El fugitivo
Llevaba varios días deambulando por los alrededores. Encontró una casa cueva abandonada escavada en la toba volcánica. Entró por un pequeño postigo en la parte superior de la puerta que cedió al primer golpe con el puño cerrado. Ahora tenía un sitio donde pasar la noche. El lugar era algo húmedo, pero lo cobijaría del frío de la cumbre.

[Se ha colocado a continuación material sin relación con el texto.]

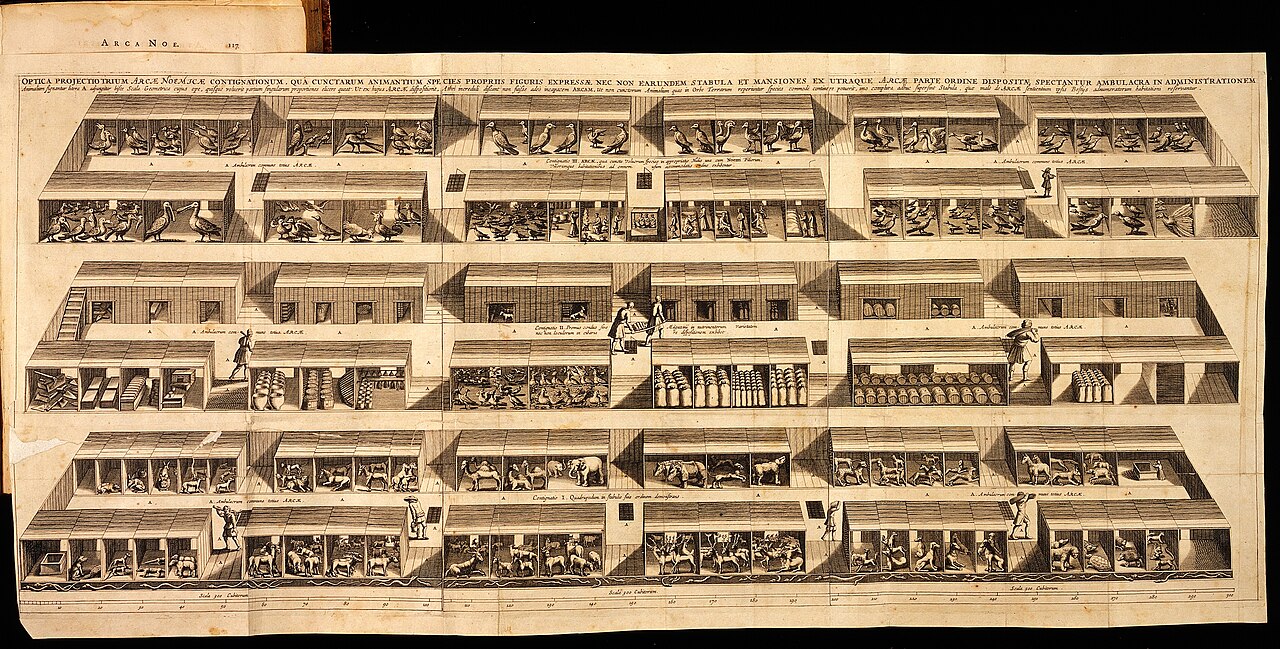 Huisvesting van de dieren in de ark, Athanasius Kircher, Arca Noe, 1675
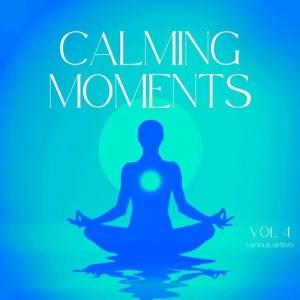  VA - Calming Moments, Vol 4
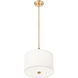 Linden Pendant Ceiling Light in Modern Gold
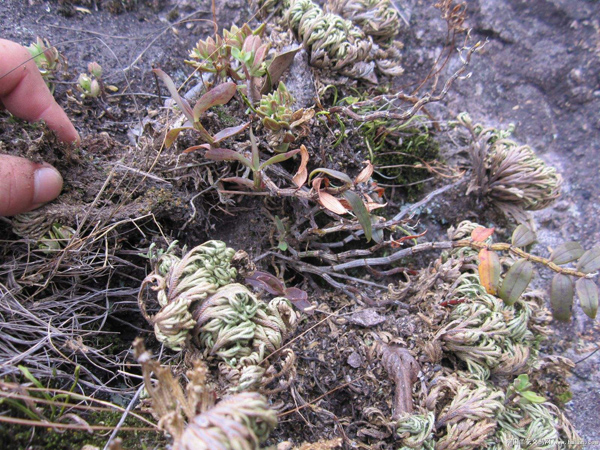 干枯卷柏 干枯卷柏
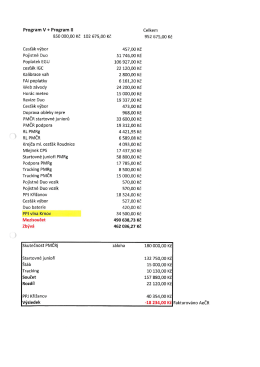 Pojistné Duo 51 746,00 Kč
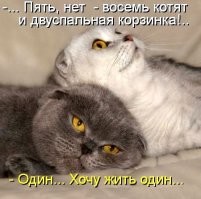 Бывает и по-другому...))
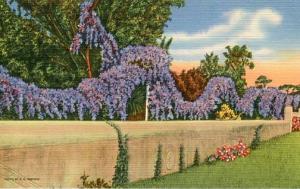 FL- Purple Bougainvillea Vines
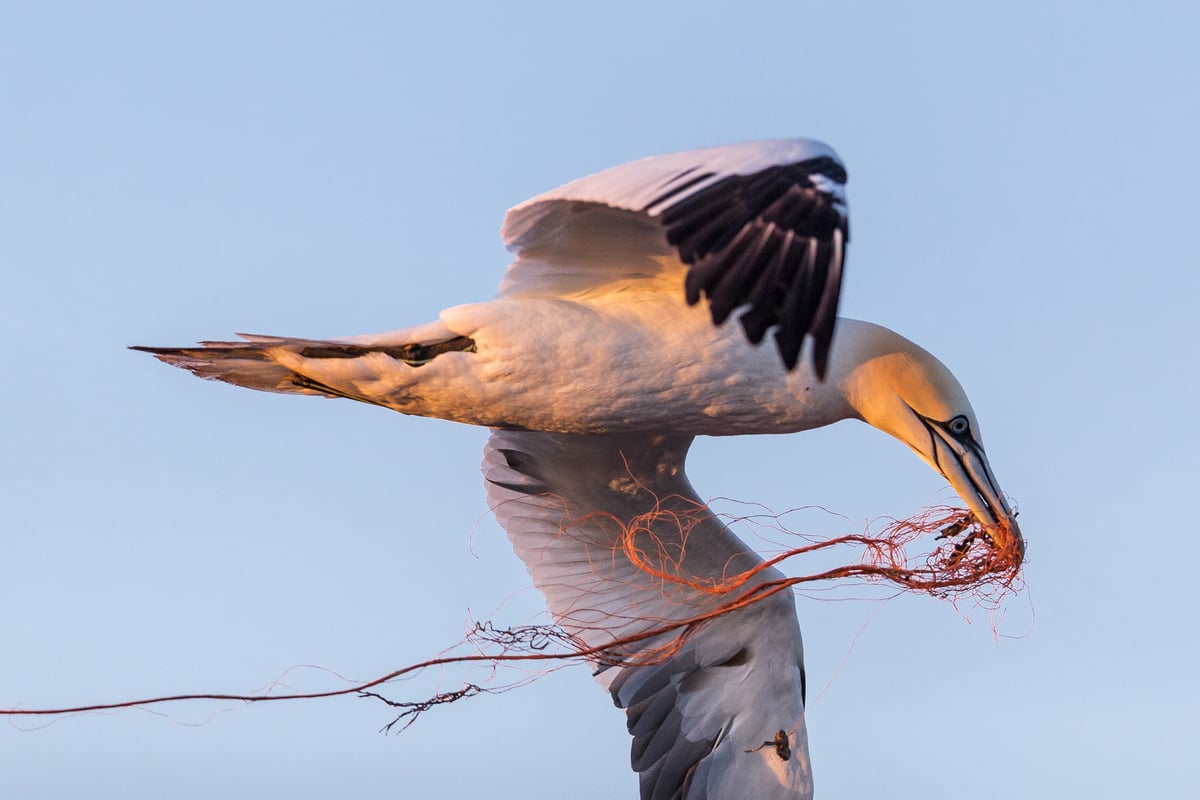 Gannets on Heligoland with Plastic Waste. © Robert Marc Lehmann / Greenpeace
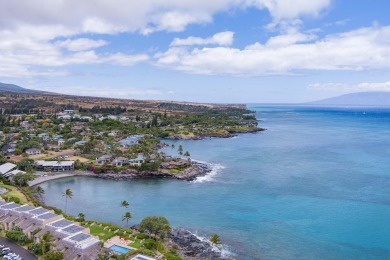 Lake House Luxury Oceanfront Studio at Napili Shores, RenovatedDirect Ocean Views AC, , on Maui - Lahaina in Hawaii - Lakehouse Vacation Rental - Lake Home for rent on LakeHouseVacations.com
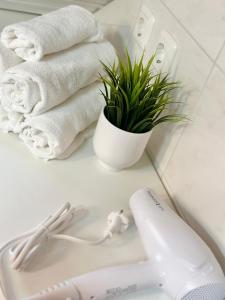 a bathroom counter with towels and a plant at LUMI Living in Schlüsselfeld +13 photos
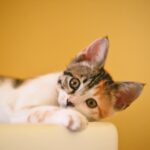 猫画像｜ねころびyellow background.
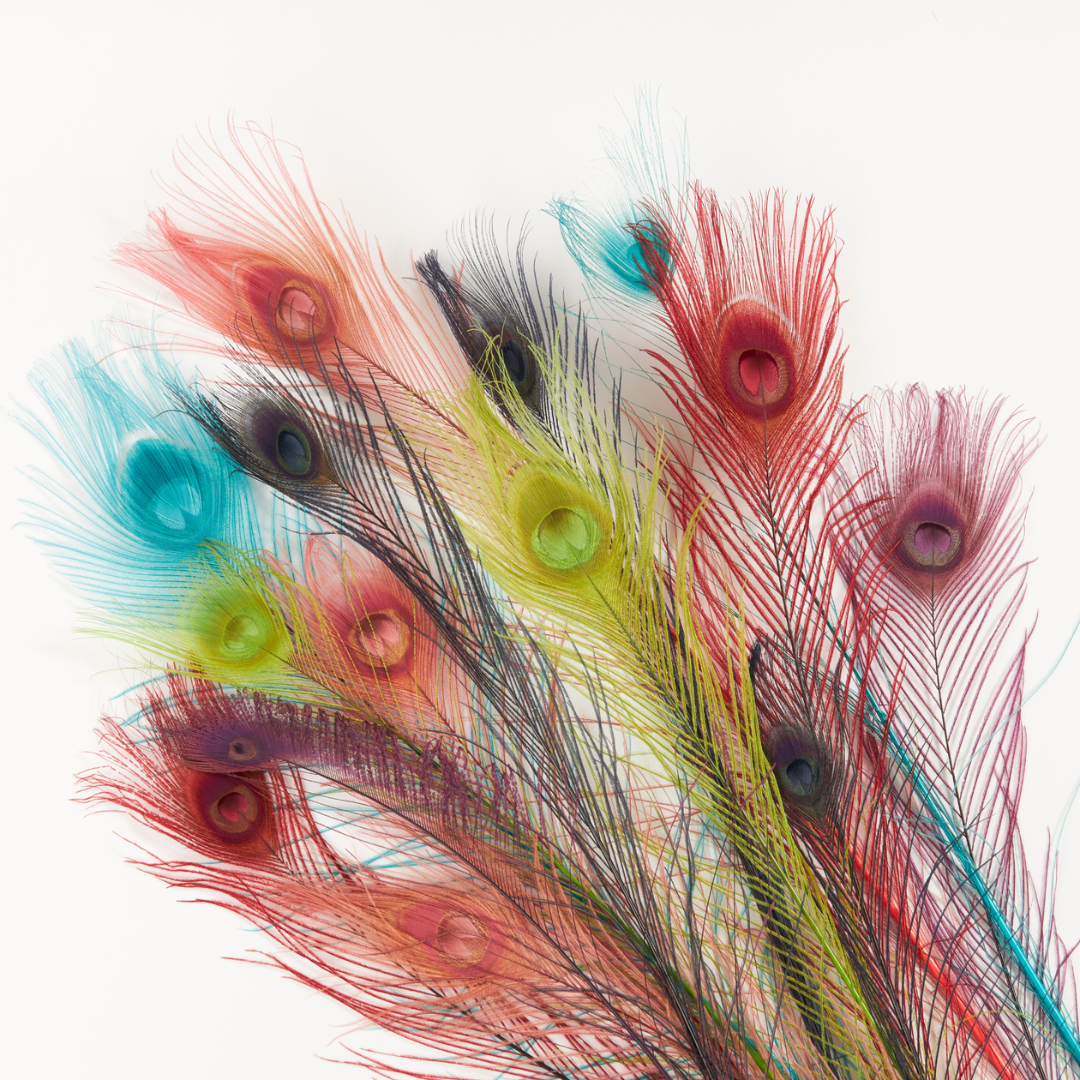 GeoCentral - Wholesale Feathers - Bright Peacock Feathers1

Cuando su vista se adaptó a la penumbra vio que la estancia estaba prácticamente vacía. Al fondo de la habitación había una alacena cavada en la pared. En uno de sus anaqueles había una polvorienta lata de galletas de jengibre. La cogió con ambas manos y la agitó esperando averiguar lo que había en su interior. No sonaba a galletas precisamente, eran como canicas pero más ligeras y con un sonido más hueco.
Con más esperanza que convicción abrió la caja buscando comida. Estaba llena de nueces y almendras, pero no tenía nada con que cascarlas. Siguió buscando y encontró, en la parte baja de la alacena, a ras de suelo, un par de zapatos morados de tacón, una garrafa y un cajón de madera cerrado con una pequeña aldaba. Al abrirlo encontró lo que buscaba, junto a otras herramientas había una llave de perro que usaría como cascanueces. Al no encontrar un martillo, usaría el tacón del zapato para picar las almendras.
Solo le faltaba un poco de agua, entonces recordó que en el fondo del barranco había visto, mientras subía por la ladera, un pequeño naciente. Esperaría a que cayese la noche para llenar aquella garrafa de cristal cubierta de mimbre, que antaño habría portado el preciado ron de caña. Si racionaba adecuadamente aquellas viandas podría aguantar una semana. Para cuando se le acabasen los guardias civiles ya habrían abandonado su búsqueda.
Cuando se produjo el alzamiento del dieciocho de julio, tuvo que abandonar a la familia, el trabajo y su dignidad. No podía creer que su propio primo lo hubiese denunciado.